### Data for this exercise ###
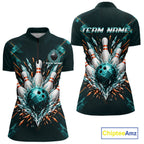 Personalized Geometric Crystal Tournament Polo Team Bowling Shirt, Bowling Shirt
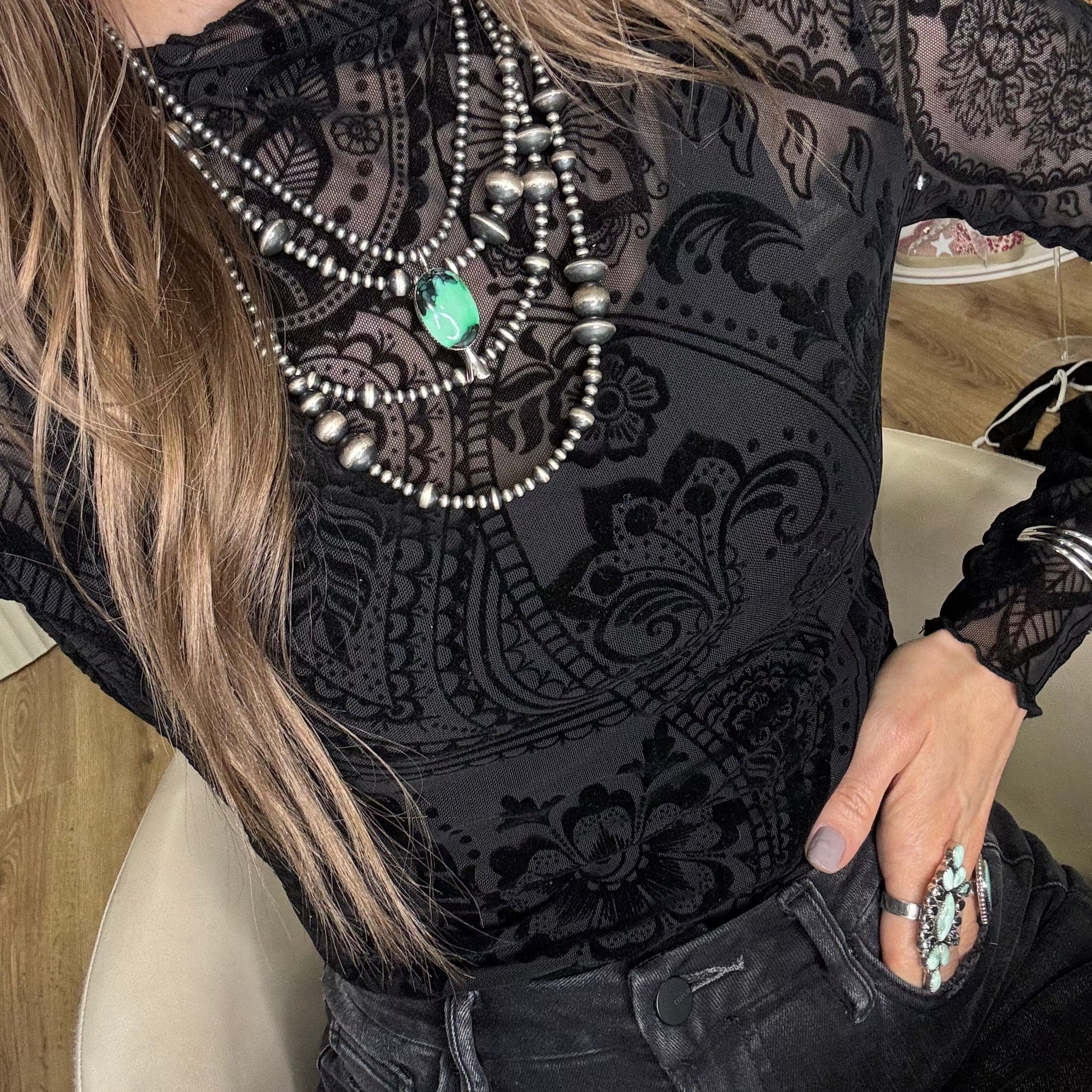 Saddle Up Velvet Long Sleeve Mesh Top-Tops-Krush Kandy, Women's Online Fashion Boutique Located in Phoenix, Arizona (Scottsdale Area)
###
### Data for this exercise ###
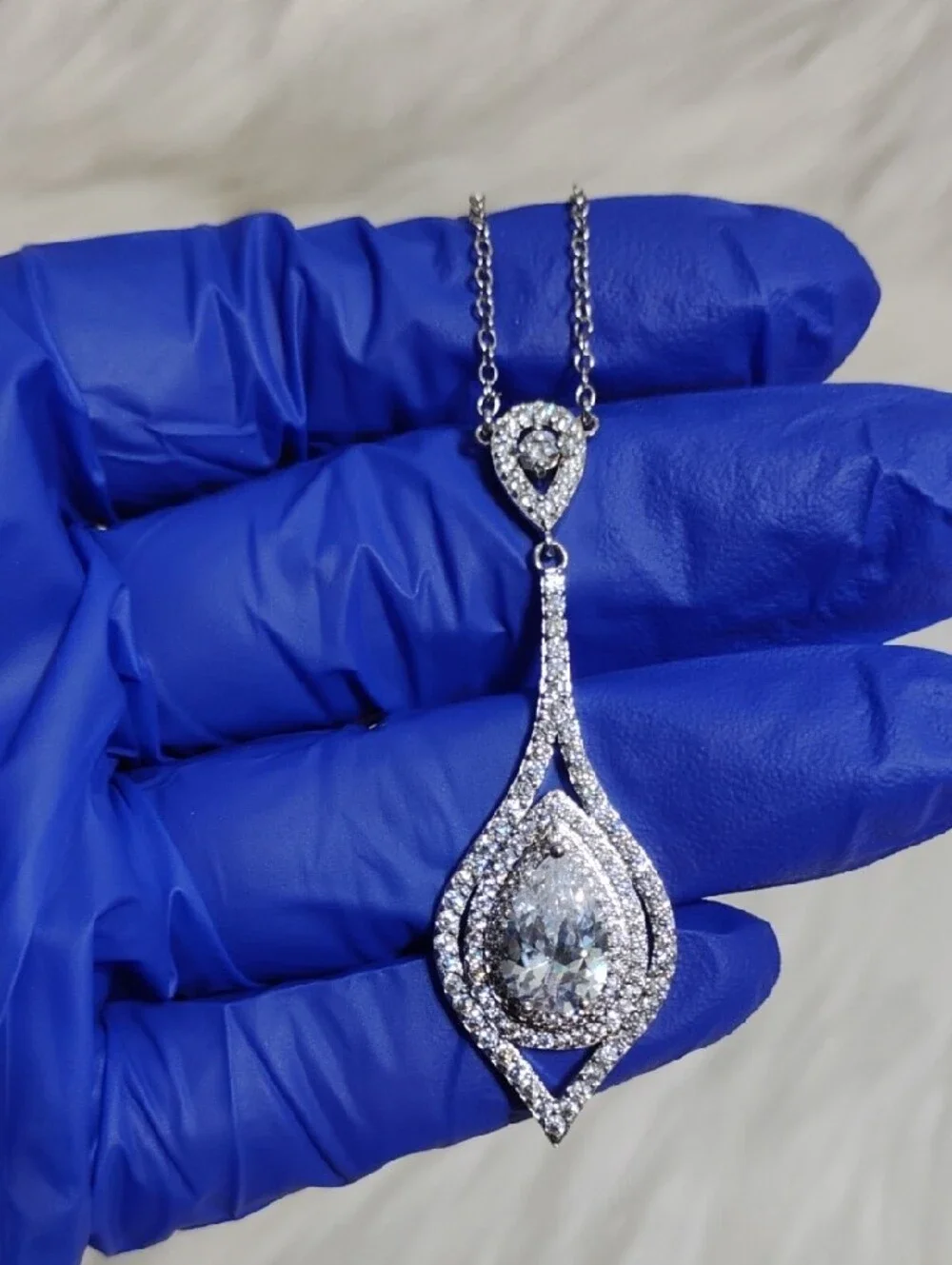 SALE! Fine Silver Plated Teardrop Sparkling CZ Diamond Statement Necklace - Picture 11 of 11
###
# [Work item]
Find the line with "Personalized Geometric Crystal" in the data above, and from there retype each line exactly through the line with "Saddle Up Velvet", skipping the pictures along the way.

# [Response area]
 Personalized Geometric Crystal Tournament Polo Team Bowling Shirt, Bowling Shirt
 Saddle Up Velvet Long Sleeve Mesh Top-Tops-Krush Kandy, Women's Online Fashion Boutique Located in Phoenix, Arizona (Scottsdale Area)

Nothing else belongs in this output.